La respuesta puede estar a 1.900 kilómetros de Santiago, sobre el Atlántico, en el país más pequeño de Sudamérica: Uruguay. Todos los proyectos de gobierno aspiran a desarrollar su propio camino, pero las inteligencias más sofisticadas de la Nueva Mayoría han venido mirando con singular atención el caso uruguayo. La prensa de Montevideo registró en noviembre una visita del socialista Ricardo Solari, que, invitado por el Frente Amplio, declaró que Uruguay podía ser “un ejemplo” para Chile. Es posible que se haya tratado de una hipérbole de buena crianza, pero no de algo ajeno a los radares del bacheletismo.
Las razones son múltiples.
La primera es que el gobernante Frente Amplio uruguayo, medido sólo en número de grupos partidarios, es tres veces más complejo que la Nueva Mayoría chilena: lo integran 23 tiendas, sin contar movimientos y sindicatos, en un arco que va desde la Democracia Cristiana hasta el Partido Comunista e incluso un poco más allá. Con esa enorme diversidad, ya completa dos períodos en el gobierno. El Presidente José “Pepe” Mujica triunfó en el 2009 en segunda vuelta, con el 52,6%, y se da por cierto que su antecesor, Tabaré Vásquez, tiene la mejor opción para ser reelegido en octubre del 2014.

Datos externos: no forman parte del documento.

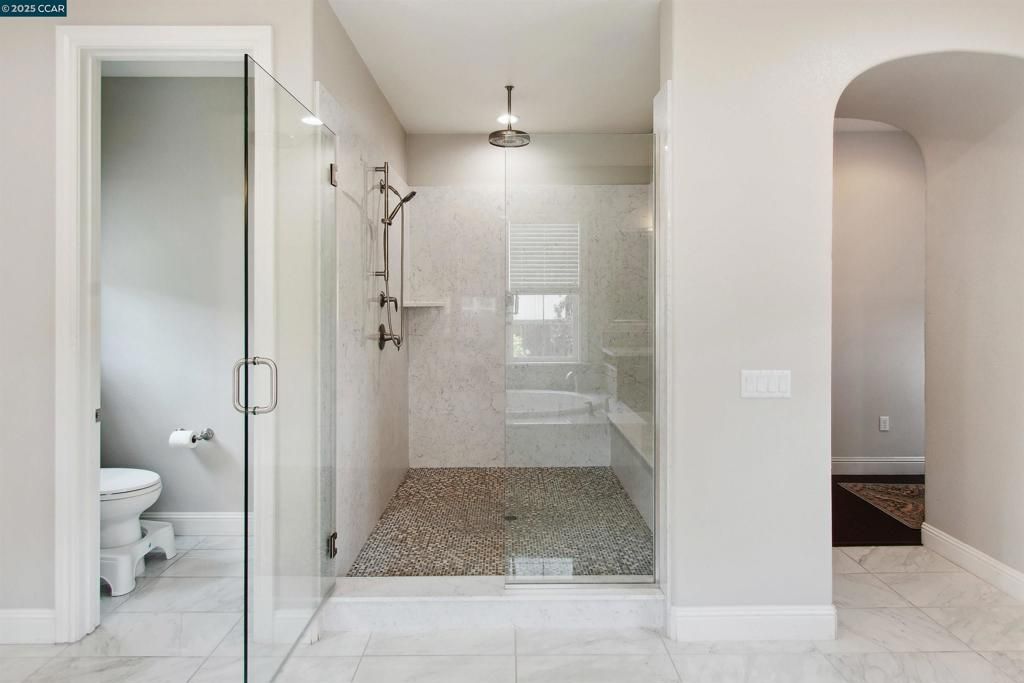 listing image 130727684534790704253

La segunda razón es una sintonía implícita entre las formas de liderazgo que acomodan tanto a las figuras del Frente Amplio como a Bachelet. Percibiendo esa tonalidad, Mujica eligió al Chile de Bachelet como su última visita al exterior antes de su elección en el 2009. De coincidir en el gobierno durante el 2014, Mujica y Bachelet serían los únicos líderes sudamericanos apoyados en los principales “atributos blandos”, la cercanía personal y la confianza social. Estas herramientas le han permitido a Mujica administrar las discrepancias dentro de su coalición y enfrentar conflictos nuevos, como el quebradero de cabeza que fueron durante el 2013 las huelgas de profesores.
Un tercer motivo, algo más abstracto, es que cualquier gobierno necesita proyectar sus propósitos en la selección de sus amistades. América Latina es hoy demasiadas cosas como para sustentar una vocación nítida. Parece claro que un gobierno de la Nueva Mayoría no tendría como referentes al kirchnerismo argentino ni al chavismo venezolano. Tampoco pondría el énfasis que ha colocado el gobierno de Piñera en el eje centroderechista formado por Perú, Colombia, Panamá y México.Parece más probable que quisiera abrir un nuevo eje en conjunto con Brasil y Uruguay.

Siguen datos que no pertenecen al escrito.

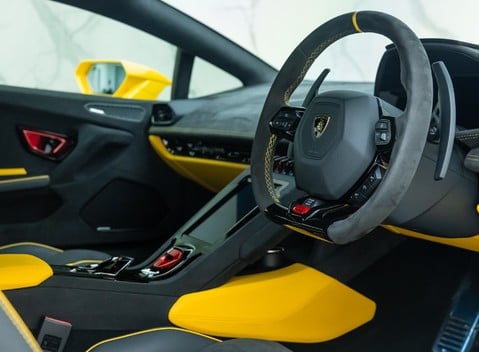 Lamborghini Huracan Tecnica 10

La razón más importante, sin embargo, es el propio cambio que ha estado viviendo Chile. Lo que algunos llaman “izquierdización” podría denominarse mejor como “uruguayización”. ¿En qué consiste? Primero, en un cierto cansancio con las motivaciones de la competencia y el éxito capitalista. La proverbial simpatía de los uruguayos -políticos y ciudadanos- por los chilenos ha sido velada en los años recientes con el escepticismo respecto de la carrera frenética por el desarrollo y su concomitante descuido de los valores de la cultura, la asociatividad y la reflexión.
Segundo, en una valoración de los bienes públicos que sólo pueden ser incrementados mediante las reformas graduales y consensuadas, sin estridencia ni grandilocuencia, con una gran dosis de paciencia. La híper valoración de la democracia se expresa, al final, en que el Parlamento uruguayo es uno de los cuerpos legislativos más influyentes de Sudamérica en la construcción del gobierno. En cuanto al Frente Amplio, su principal factor de unidad es menos un adversario -una derecha debilitada-, que el ejercicio democrático en sí mismo, la reinvención dentro de la variedad.
Por fin, se expresa también en la aspiración a la igualdad por sobre el crecimiento, al menos en cuanto este último llegue a significar que grupos sociales relevantes se vayan quedando atrás. El igualitarismo es una piedra angular en la cultura política, laboral y social uruguaya, de donde nace la paradoja de que sus elites estén continuamente discutiéndose a sí mismas.
Desde luego, también son voluminosas las diferencias entre ambas sociedades, y no sólo en términos demográficos. Uruguay tiene baja eficiencia productiva y su orientación al servicio es débil, cuando no remolona. Es el país más laico del continente y, sin embargo, uno de los que cultiva con más vigor los lazos de familia. Su estructura de partidos no se parece en nada a la de Chile, pero ambos países se disputan los índices de más baja corrupción en Sudamérica.
El desplazamiento que ha vivido la sociedad chilena desde los valores predominantes en los 90 -con el emprendimiento y la acumulación a la cabeza- hacia las demandas de inclusión, participación y equidad de los últimos años acerca a Chile a la dirección que ha seguido Uruguay. El Frente Amplio no fue viable en el río de la Plata hasta que la matriz autoritaria -un partido, un color, un proyecto hegemónico- que sostenía la gobernabilidad fue sustituida por la olla de grillos que mejor podía conciliar la diversidad de los reclamos sociales. Nadie puede asegurar que la Nueva Mayoría consiga lo mismo, pero tanto su desarrollo como el contexto en que se produce guardan un innegable parecido.